> [What to do]:
Reproduce the data word for word, keeping every line complete.

> [Available records]:
================

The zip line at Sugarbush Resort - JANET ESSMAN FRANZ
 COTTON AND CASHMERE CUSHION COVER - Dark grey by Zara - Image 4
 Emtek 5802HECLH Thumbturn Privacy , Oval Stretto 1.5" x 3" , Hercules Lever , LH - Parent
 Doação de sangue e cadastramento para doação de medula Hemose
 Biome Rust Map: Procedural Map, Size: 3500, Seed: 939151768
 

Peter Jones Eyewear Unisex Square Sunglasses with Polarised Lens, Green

================

> [Result of this task]:
The zip line at Sugarbush Resort - JANET ESSMAN FRANZ
 COTTON AND CASHMERE CUSHION COVER - Dark grey by Zara - Image 4
 Emtek 5802HECLH Thumbturn Privacy , Oval Stretto 1.5" x 3" , Hercules Lever , LH - Parent
 Doação de sangue e cadastramento para doação de medula Hemose
 Biome Rust Map: Procedural Map, Size: 3500, Seed: 939151768
 

Peter Jones Eyewear Unisex Square Sunglasses with Polarised Lens, Green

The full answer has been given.